- Abdasa Taluka Location in Gujarat, India Abdasa Taluka Abdasa Taluka (India)
- Coordinates: 23°15′N 069°00′E﻿ / ﻿23.250°N 69.000°E
- Country: India
- State: Gujarat
- District: Kutch

Population (2001)
- • Total: 97,508
- Time zone: UTC+5:30 (IST)
- Vehicle registration: GJ
- Lok Sabha constituency: Kachchh
- Vidhan Sabha constituency: Abdasa
- Website: gujaratindia.com

= Abdasa taluka =

Abdasa Taluka is a taluka (administrative subdivision) in Kutch District, Gujarat, India. Its administrative centre is the town of Naliya. The taluka covers 2398.26 sqkm.

==Demographics==
In the 2001 India census, Abdasa Taluka had 97,508 inhabitants, 51.0% (49,740) male and 49.0% (47,768) female.

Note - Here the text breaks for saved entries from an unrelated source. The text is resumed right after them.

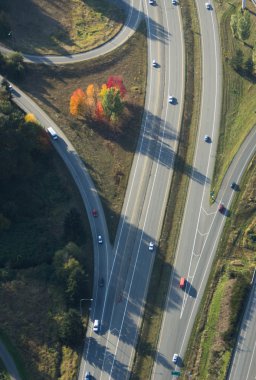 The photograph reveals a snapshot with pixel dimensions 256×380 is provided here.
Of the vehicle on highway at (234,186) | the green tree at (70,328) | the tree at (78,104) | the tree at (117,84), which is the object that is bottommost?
the green tree at (70,328)

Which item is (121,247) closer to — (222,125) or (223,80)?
(222,125)

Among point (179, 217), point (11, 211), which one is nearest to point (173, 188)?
point (179, 217)

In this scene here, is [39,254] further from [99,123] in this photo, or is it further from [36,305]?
[99,123]

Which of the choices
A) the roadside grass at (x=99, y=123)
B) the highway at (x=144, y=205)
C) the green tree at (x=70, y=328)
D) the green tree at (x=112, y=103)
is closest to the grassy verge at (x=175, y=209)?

This represented a 12.9% increase from 1991. The gender ratio in 2001 was 960 females per thousand males, a significant change from the 1002 value of 1991. The taluka was entirely rural.

==Points of interest==
The Kutch Bustard Sanctuary, also known as Lala–Parjan Sanctuary, is located in the taluka. With an area of about only 2 square kilometers, it is the smallest sanctuary in the country. There are approximately 30 great Indian bustards here, second in population only to Desert National Park, Rajasthan.

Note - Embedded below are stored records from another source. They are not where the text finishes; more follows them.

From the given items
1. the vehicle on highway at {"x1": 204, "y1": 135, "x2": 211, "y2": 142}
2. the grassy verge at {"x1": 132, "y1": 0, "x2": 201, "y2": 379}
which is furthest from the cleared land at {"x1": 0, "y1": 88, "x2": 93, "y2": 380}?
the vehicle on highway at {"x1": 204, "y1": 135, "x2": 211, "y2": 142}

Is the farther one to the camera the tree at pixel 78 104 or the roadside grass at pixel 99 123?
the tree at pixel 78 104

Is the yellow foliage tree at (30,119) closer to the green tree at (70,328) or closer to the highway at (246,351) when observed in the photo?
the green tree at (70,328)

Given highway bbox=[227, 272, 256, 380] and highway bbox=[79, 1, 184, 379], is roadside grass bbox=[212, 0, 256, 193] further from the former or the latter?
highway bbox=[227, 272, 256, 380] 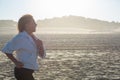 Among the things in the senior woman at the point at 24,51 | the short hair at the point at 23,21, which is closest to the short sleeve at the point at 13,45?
the senior woman at the point at 24,51

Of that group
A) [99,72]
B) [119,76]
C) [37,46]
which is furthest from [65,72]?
[37,46]

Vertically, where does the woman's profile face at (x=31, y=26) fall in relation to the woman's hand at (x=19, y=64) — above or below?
above

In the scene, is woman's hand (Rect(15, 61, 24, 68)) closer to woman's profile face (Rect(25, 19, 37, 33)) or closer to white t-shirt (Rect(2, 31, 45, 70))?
white t-shirt (Rect(2, 31, 45, 70))

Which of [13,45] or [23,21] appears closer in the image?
[13,45]

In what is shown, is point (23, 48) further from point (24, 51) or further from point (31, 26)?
point (31, 26)

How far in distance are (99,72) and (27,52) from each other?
9.72 metres

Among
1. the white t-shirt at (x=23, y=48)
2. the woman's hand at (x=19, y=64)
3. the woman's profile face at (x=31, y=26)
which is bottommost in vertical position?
the woman's hand at (x=19, y=64)

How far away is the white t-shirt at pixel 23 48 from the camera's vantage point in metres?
5.34

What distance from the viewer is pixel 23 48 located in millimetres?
5344

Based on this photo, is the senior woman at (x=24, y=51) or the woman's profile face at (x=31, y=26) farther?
the woman's profile face at (x=31, y=26)

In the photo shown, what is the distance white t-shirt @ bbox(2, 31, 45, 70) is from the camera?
5340 millimetres

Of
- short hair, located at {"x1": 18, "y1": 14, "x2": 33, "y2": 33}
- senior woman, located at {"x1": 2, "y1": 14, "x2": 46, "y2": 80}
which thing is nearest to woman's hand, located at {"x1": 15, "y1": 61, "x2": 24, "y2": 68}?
senior woman, located at {"x1": 2, "y1": 14, "x2": 46, "y2": 80}

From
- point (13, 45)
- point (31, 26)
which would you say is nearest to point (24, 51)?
point (13, 45)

Also Abdasa Taluka is a major pilgrimage center for Jains as it holds their sacred and famous five temples located in five towns of taluka - Jakhau, Naliya, Tera, Kothara and Suthari - which are in group known as Abdasa ni Panchtirthi - meaning five tirthas of Abdasa.

==Villages==
Abdasa Taluka has eighty-five panchayat villages, and a total of 167 villages Including Varandi Moti.

== Economy ==
The main crops are cotton, millet, groundnut, sunflower, and wheat. Bentonite is commercially mined.

==Rivers==
Abdasa Taluka is drained by three rivers namely - Khari river, Kankavati river and Berachiya river.